[Start of Attachment]
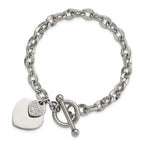 Stainless Steel Polished Two Hearts with Cubic Zirconia Toggle Bracelet for Women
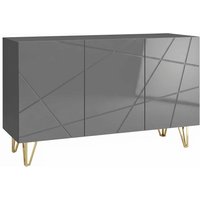 HOMCOM Modern Luxe High Gloss Sideboard, with Hairpin Legs, Grey | Aosom Ireland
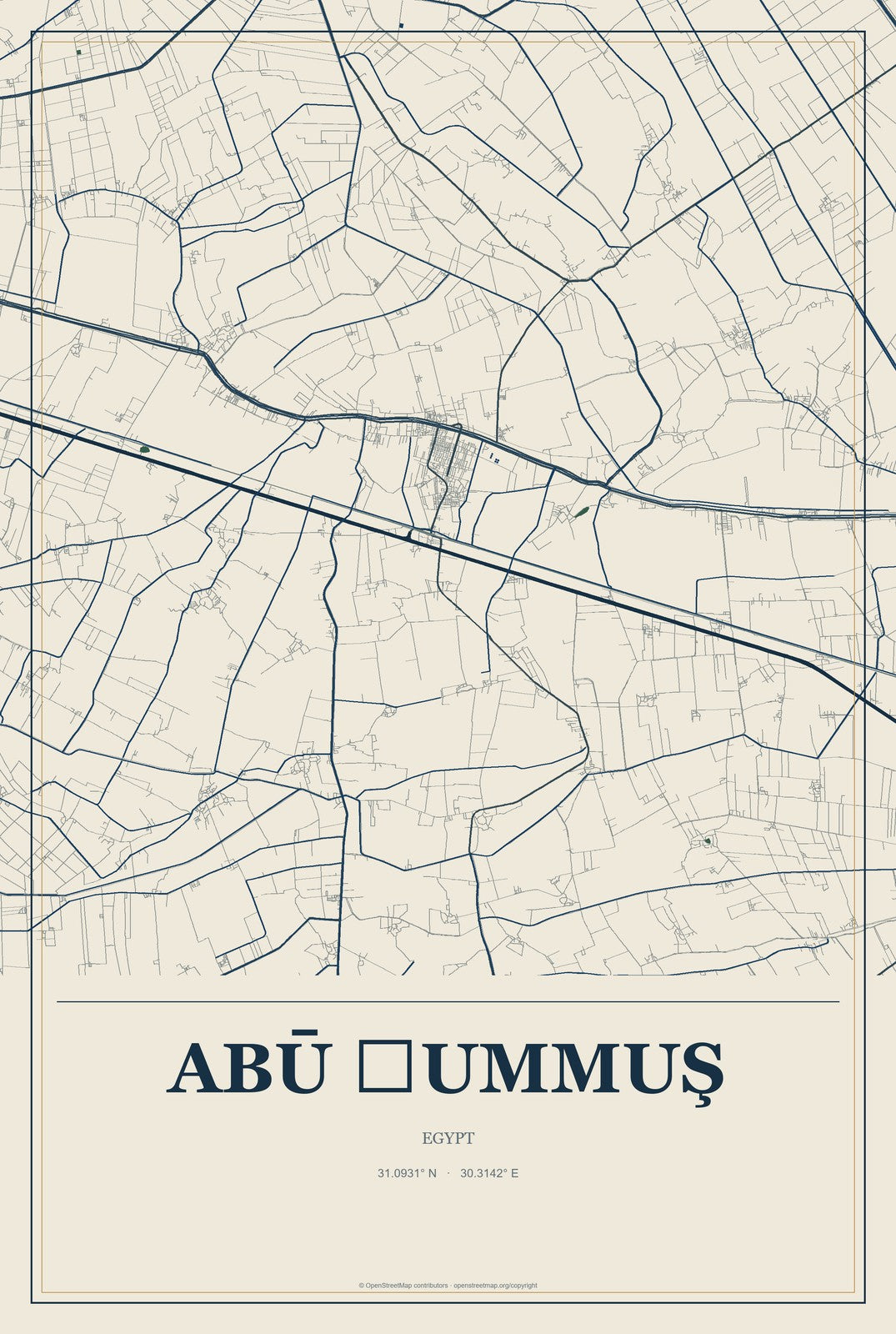 Abū Ḩummuş, Egypt City Map Aluminum Sign in Coastal Cutout style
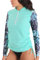 MASOCIO UV Shirt Damen Wasser Langarm Schwimmshirt Rashguard Badeshirt Badeanzug Frauen UV Schutz Schwimm Tshirt Surf Schnorchel Swim Schwimm Bade T Shirts Women Rash Guard XXL Grün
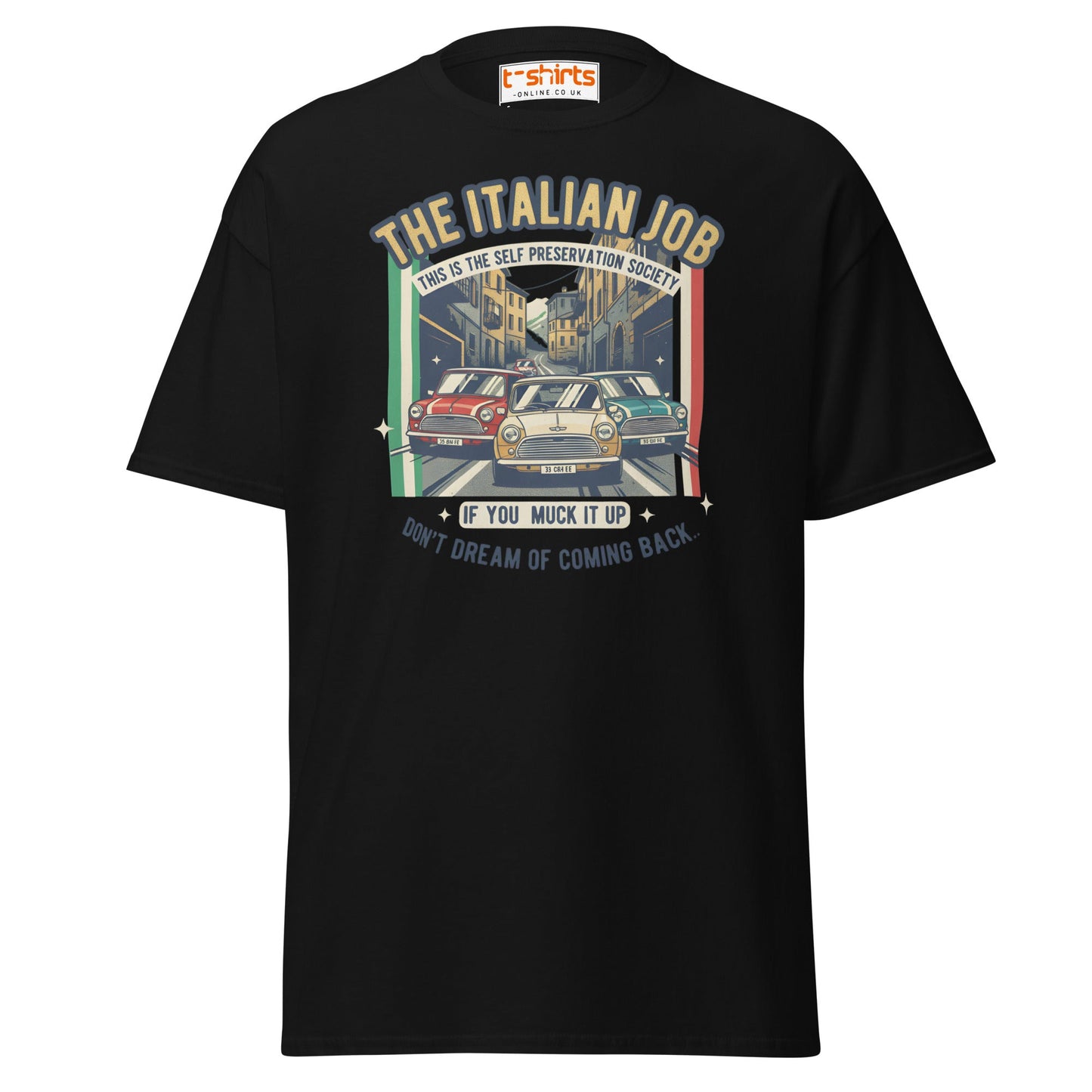 Italian Job T-Shirt | Retro Mini Cooper Car Chase Tee - Black - T-Shirts Online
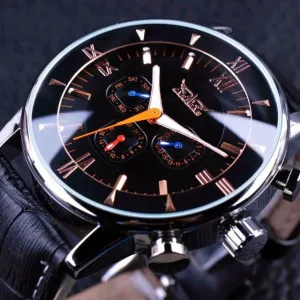 Men's Automatic 6-pin Steel Band Mechanical Watch 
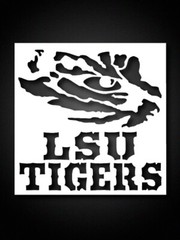 6×6 Inch LSU Tigers Stencil Sports – Reusable Mylar plastic, Painting surfaces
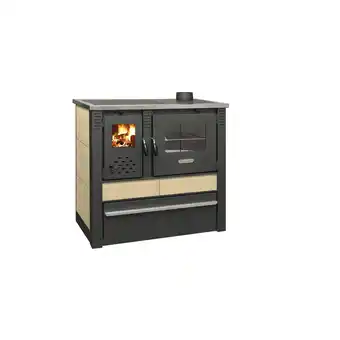 Netto Marken-Discount Pro Termo doo Küchenherd Holzofen PANONIA mit Kacheln creme 10,5 kW Dauerbrandherd rechte Version Angebot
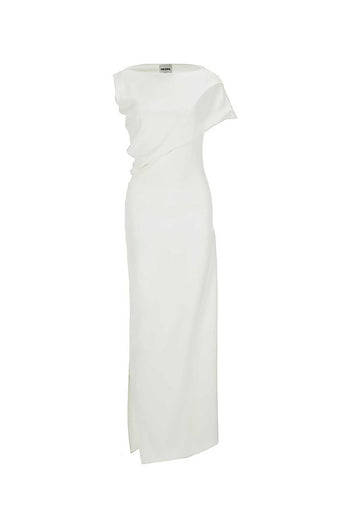 Draped Silk Maxi Dress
[End of Attachment]
● **Task prompt**
The records above are to be restated word for word, excluding all pictures.

● **Output of the exercise**
 Stainless Steel Polished Two Hearts with Cubic Zirconia Toggle Bracelet for Women
 HOMCOM Modern Luxe High Gloss Sideboard, with Hairpin Legs, Grey | Aosom Ireland
 Abū Ḩummuş, Egypt City Map Aluminum Sign in Coastal Cutout style
 MASOCIO UV Shirt Damen Wasser Langarm Schwimmshirt Rashguard Badeshirt Badeanzug Frauen UV Schutz Schwimm Tshirt Surf Schnorchel Swim Schwimm Bade T Shirts Women Rash Guard XXL Grün
 Italian Job T-Shirt | Retro Mini Cooper Car Chase Tee - Black - T-Shirts Online
 Men's Automatic 6-pin Steel Band Mechanical Watch 
 6×6 Inch LSU Tigers Stencil Sports – Reusable Mylar plastic, Painting surfaces
 Netto Marken-Discount Pro Termo doo Küchenherd Holzofen PANONIA mit Kacheln creme 10,5 kW Dauerbrandherd rechte Version Angebot
 Draped Silk Maxi Dress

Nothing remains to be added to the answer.